本発明は電子ビームを用いた検査方法及び検査装置に係わり、特に、半導体装置の製造過程でウエハ上の回路等のパターンを検査するのに適した電子ビームを用いた検査方法及び検査装置に関する。
半導体装置やマスク,レチクル等の製造プロセスで使用される回路パターンの検査装置には、光を照射してその反射をCCD等で検出して欠陥を検出する光学式検査装置が知られている。パターンの幅寸法が微細になってくると、光学式検査装置の分解能には限界がある。そこで、分解能の高い電子ビームを用いた検査装置が注目されてきている。

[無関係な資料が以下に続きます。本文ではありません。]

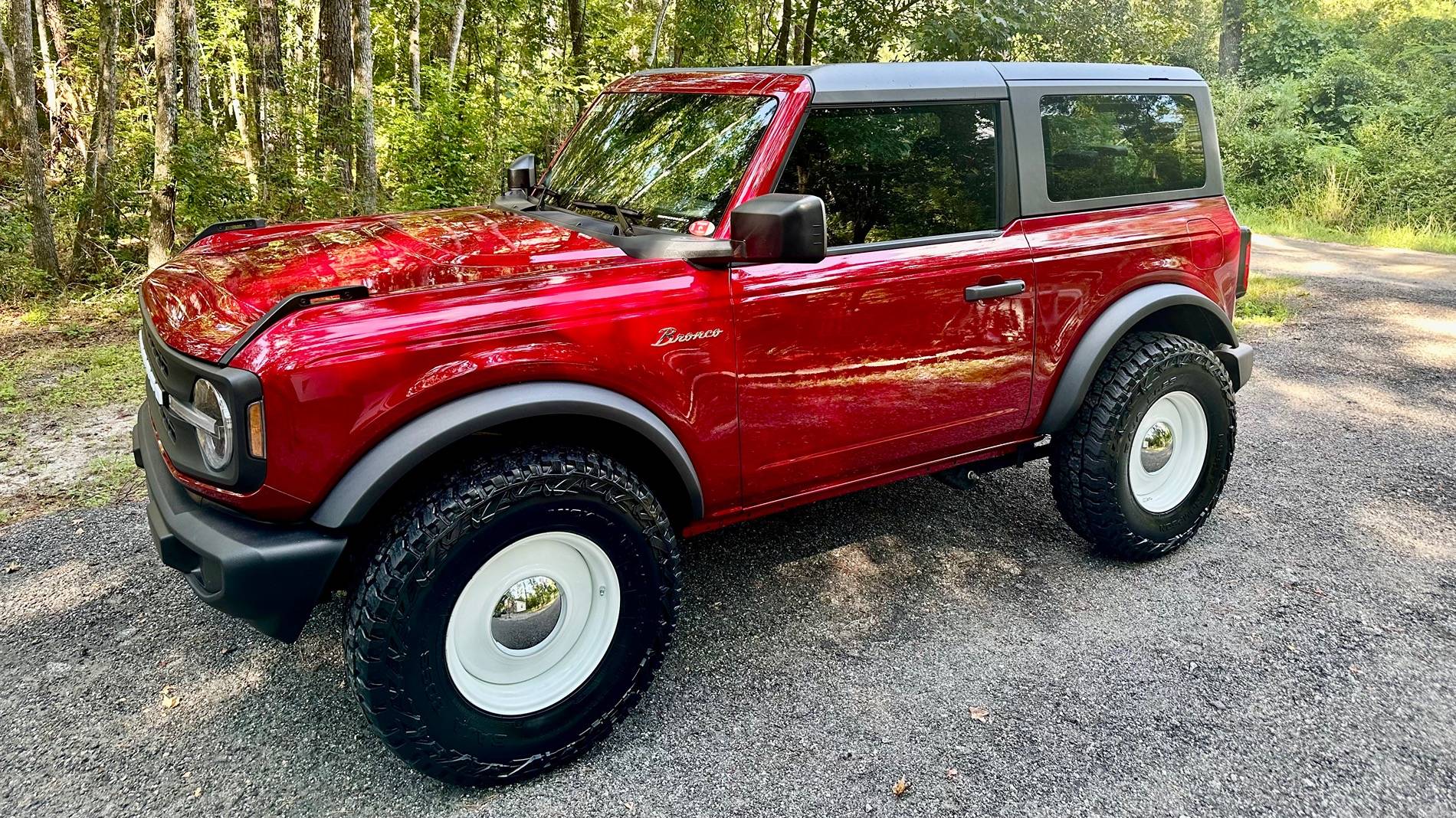 Ford Bronco Boyd Coddington 17x7 White Smoothies + MT Baja Pizza Cutters IMG_2179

電子ビームを用いて試料を観察する装置のひとつには、走査電子顕微鏡(scanning
electron microscope, 以下これをSEMという)がある。また、半導体装置を検査する装置のひとつには、測長用走査電子顕微鏡(critical dimension scanning electron
microscope, 以下これをCDSEMという)がある。しかし、上記SEMやCDSEMは、限られた視野を高倍率で観察するのには適しているものの、半導体ウエハの上のどこに欠陥があるかを探すのには不向きである。なぜならば、そのような欠陥探索のためには非常に広い領域、すなわち、直径200mmから300mmのウエハの全表面領域をくまなく検査する必要がある。しかし、そのような広い領域を、上記のSEMやCDSEMで検査する場合、非常に長い時間が必要である。その理由は、上記のSEMやCDSEMの電子ビームの電流が低いので走査速度が遅いからである。したがって、上記SEMやCDSEMを半導体装置の製造プロセスの途中で検査に使用する場合、とても実用にならない検査時間を要してしまう。半導体装置の製造プロセスの途中の検査に使用する検査装置には、スループットとよばれる検査時間の高速化を備えることが必要である。

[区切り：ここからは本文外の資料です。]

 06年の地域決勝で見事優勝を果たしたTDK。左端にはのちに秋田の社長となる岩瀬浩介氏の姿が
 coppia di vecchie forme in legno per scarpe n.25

このような問題を解決する装置が、例えば、特開平5−258703号公報(特許文献1)に記載されている。この装置は画像比較を用いてウエハ上の欠陥を検出する検査装置である。この装置の特徴は、(a)大電流の電子ビームが用いられること、(b)電子ビームを試料または基板に照射しながら試料ステージを連続的に移動させること、(c)電子源で発生した電子ビームを加速させる場合、高加速電圧が用いられること、(d)試料には電子ビームを減速させて試料の帯電を防ぐリターディング電圧が印加されること、
(e)電子ビームの照射によって試料で発生する荷電粒子が対物レンズを通過してから検出されること(TTL方式(Through The Lens type))、である。この検査装置を使用すると、マスクやウエハのパターンの欠陥検査を従来のSEMよりも効率的にかつ高速に行うことができる。

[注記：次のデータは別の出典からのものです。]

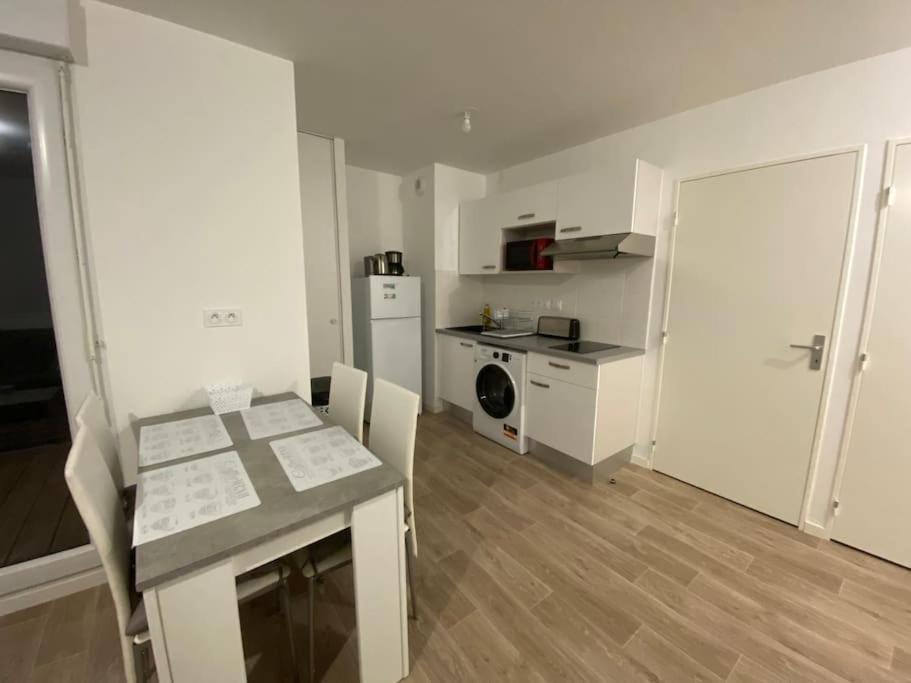Appartement Aux Portes De Vannes Sene Exterior photo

TTL方式では、試料から出てくる荷電粒子が対物レンズを通して検出される。この構造によって、対物レンズと試料との間の距離を短くすることができる。そして、対物レンズを短焦点とすることができ、電子ビームの収差が少なくなり、高分解能な画像の取得が可能になる。しかし、試料の高さが変化すると、これに伴って電子ビームの回転が大きく変化し、得られた画像が回転してしまうという無視できない問題を有している。そのため、試料の高さ精度を確保しなければならず、検査速度の向上には限りがある。
また、上記特開平5−258703号公報(特許文献1)に記載されている検査装置は、電子ビームの電子のクーロン相互反発作用による焦点のぼけを避けるため、平行ビームを採用している。平行ビームでは、試料ステージ上の試料の移動中にブランキングしたとき、ブランキングの最中に、電子ビームの軌道の途中にある絞りで遮断できない電子ビームが存在し、照射する領域に隣接した照射したくない領域をわずかながら照射してしまう。このように、ブランキングが始まってから完了までの間中、本来、電子ビームで照射されては好ましくない箇所が電子ビームで照射されることになる。その結果、得られた画像は実際のものとは異なった画像になるという問題がある。
図14に、ある半導体装置の製造プロセスにおける、ウエハを試料として、リターディング電圧と2次電子検出効率との関係の一例を示す。図14中の(2)のTTL方式の場合には、リターディング電圧が小さくなると2次電子の検出効率が無視できないほど低下するという問題がある。試料から発生する2次電子は、対物レンズの磁場を通って収束する。2次電子の検出効率が低下する主な原因は、リターディング電圧を変えると電子ビームによる試料への照射エネルギーが変わり、2次電子の軸方向の収束位置が変化するからである。
そこで、2次電子の検出効率を低下させないために、リターディング電圧を大きくすることが考えられる。しかし、リターディング電圧を大きくすると、試料ステージにリターディング電圧が印加され、試料ステージの端部を取り囲むシールド枠が接地されているので、試料ステージの端部とシールド枠との間で放電が発生する。その結果、リターディング電圧の印加の効果が低下したり、ノイズが発生し電子ビームを不安定にさせたりして好ましくない。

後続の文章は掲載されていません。